▶ **TASK GOAL**
What is needed is an exact copy of the records below, with the pictures left out.

▶ **SUPPLIED MATERIAL**
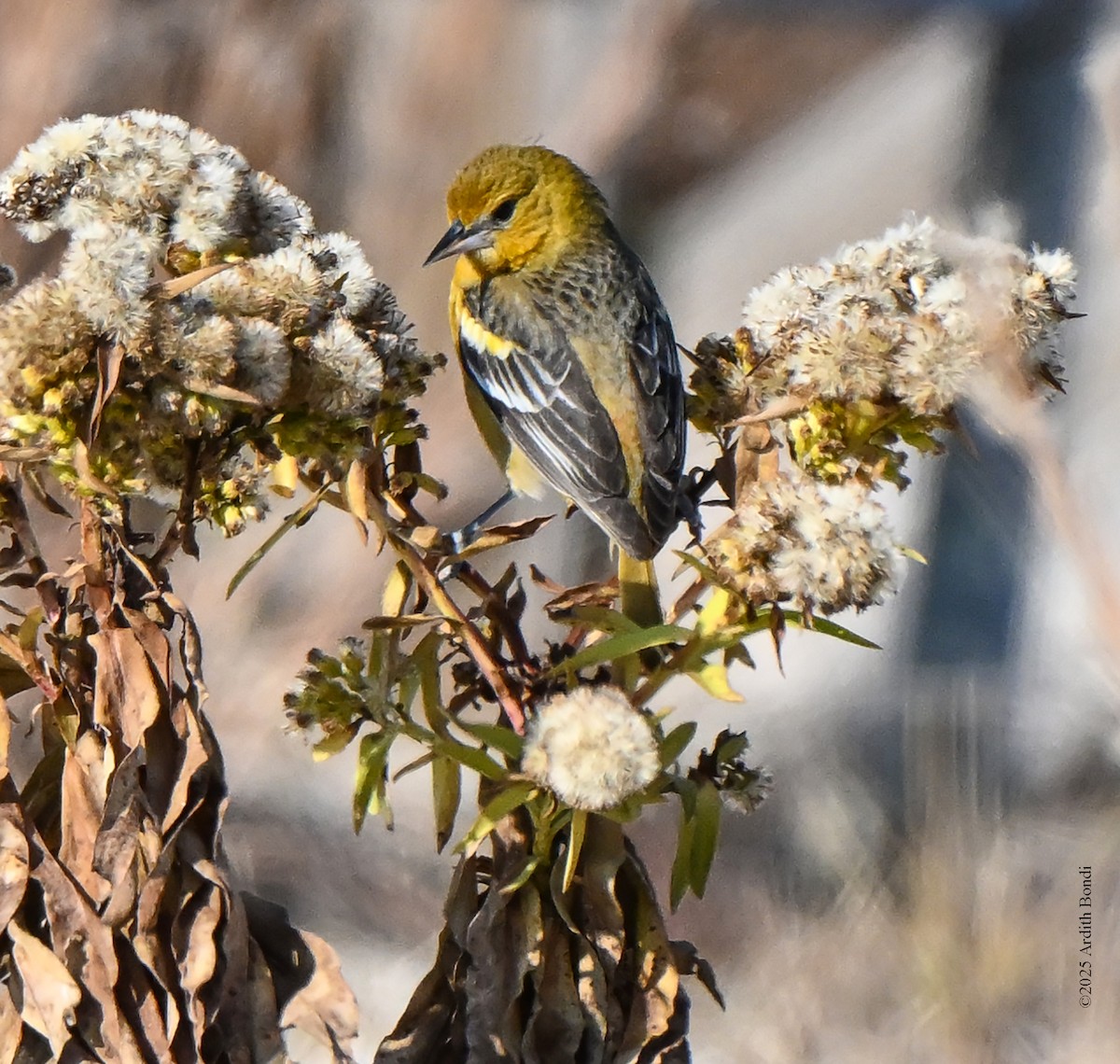 Baltimore Oriole - ML646560933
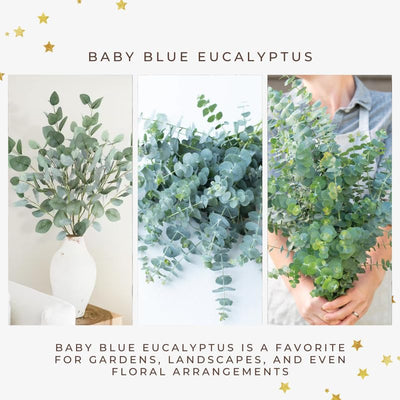 Baby Blue Eucalyptus Live Plant in 2.5-Inch Pot, Fragrant Silver-Blue Eucalyptus for Indoor or Outdoor Growing, Well-Rooted Starter Plant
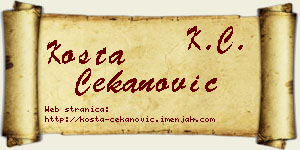 Kosta Čekanović vizit kartica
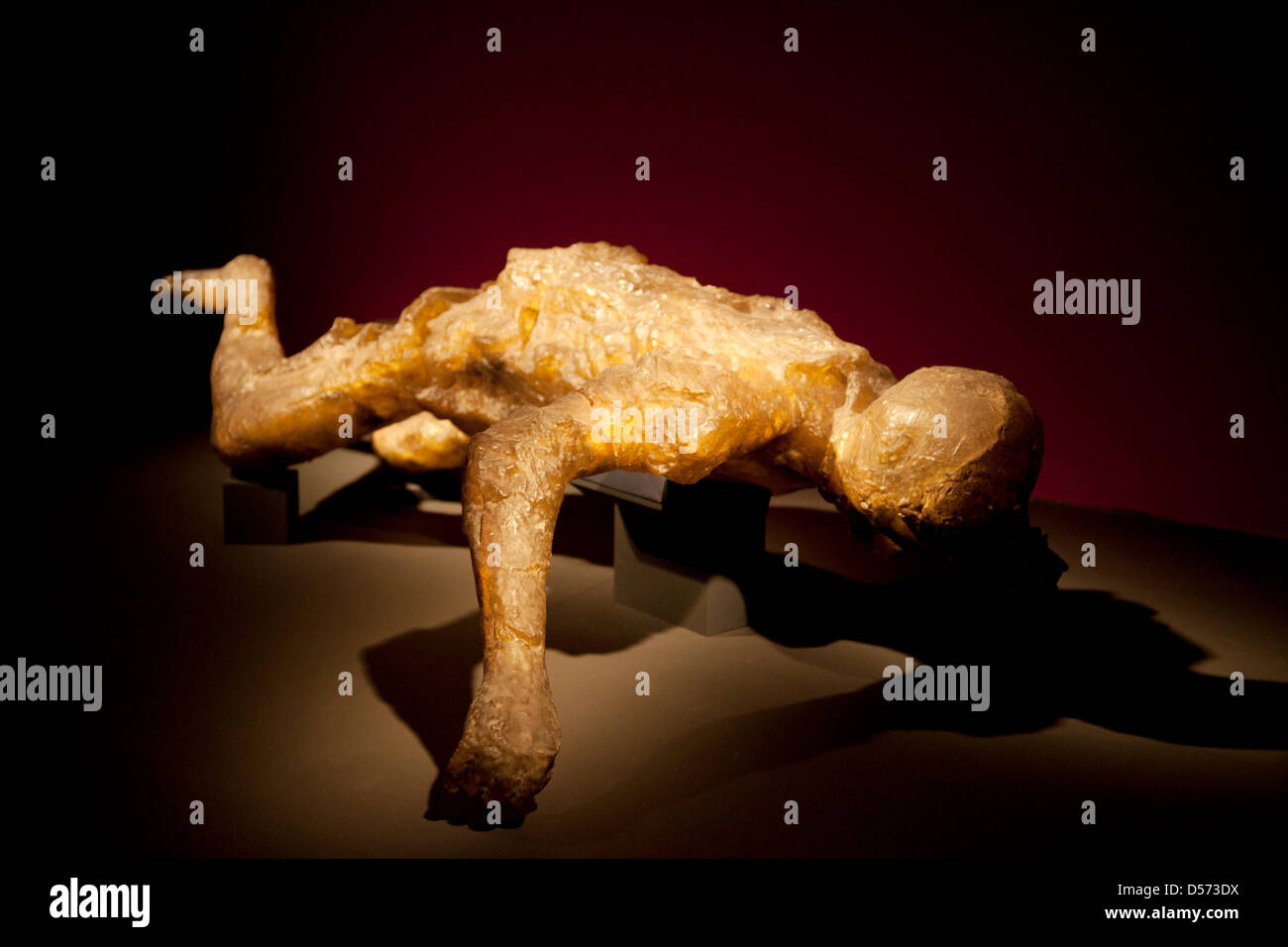 Londra, Regno Unito. Martedì 26 marzo 2013. La vita e la morte a Pompei ed Ercolano in mostra al British Museum. Riunendo oltre 250 oggetti, sia le recenti scoperte e celebrato reperti da scavi in precedenza. Donna colati in resina. Questa donna era uno di 70 persone che sono morte nel seminterrato di una villa a Oplontis vicino a Pompei. La tecnica di resina riempito il vuoto del suo Corpo a sinistra nella cenere risultante in un cast contenente le sue ossa. Credito: Michael Kemp/Alamy Live News Foto Stock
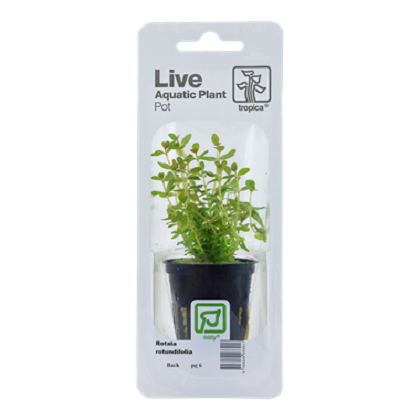 ROTALA ROTUNDIFOLIA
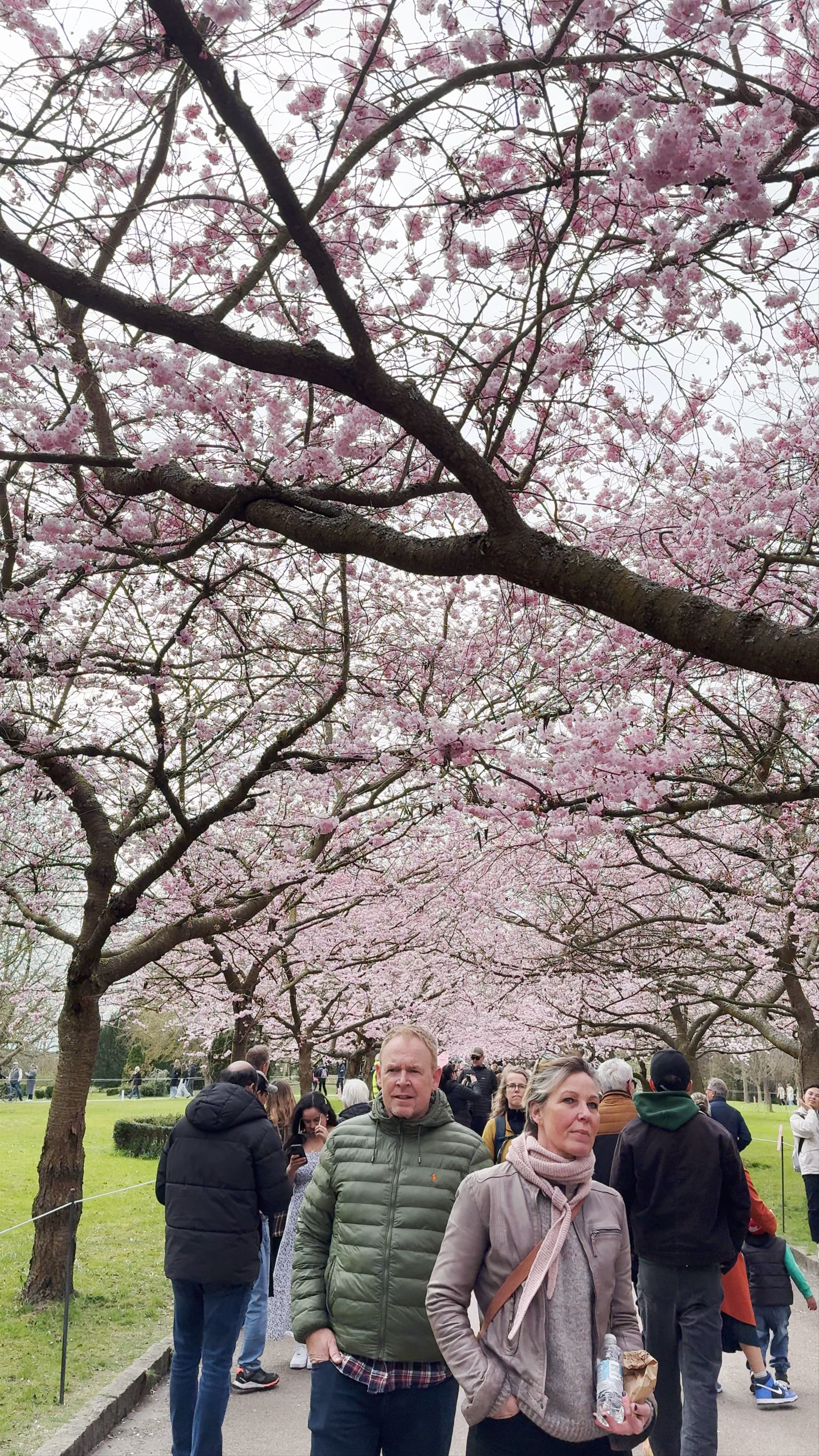Hvide Kirsebærtræer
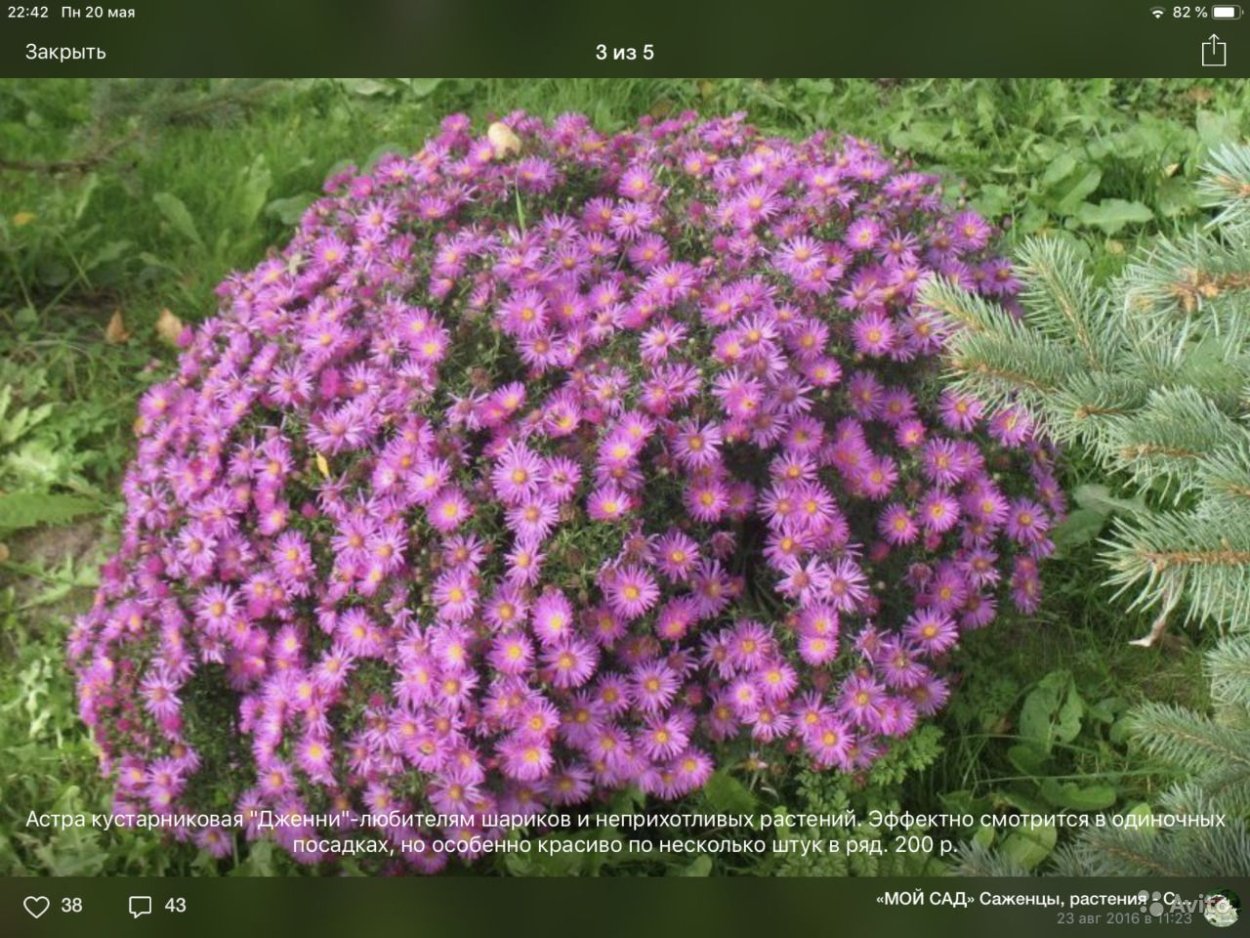 Астра шаровидная многолетняя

▶ **RESPONSE AREA**
 Baltimore Oriole - ML646560933
 Baby Blue Eucalyptus Live Plant in 2.5-Inch Pot, Fragrant Silver-Blue Eucalyptus for Indoor or Outdoor Growing, Well-Rooted Starter Plant
 Kosta Čekanović vizit kartica
 Londra, Regno Unito. Martedì 26 marzo 2013. La vita e la morte a Pompei ed Ercolano in mostra al British Museum. Riunendo oltre 250 oggetti, sia le recenti scoperte e celebrato reperti da scavi in precedenza. Donna colati in resina. Questa donna era uno di 70 persone che sono morte nel seminterrato di una villa a Oplontis vicino a Pompei. La tecnica di resina riempito il vuoto del suo Corpo a sinistra nella cenere risultante in un cast contenente le sue ossa. Credito: Michael Kemp/Alamy Live News Foto Stock
 ROTALA ROTUNDIFOLIA
Hvide Kirsebærtræer
 Астра шаровидная многолетняя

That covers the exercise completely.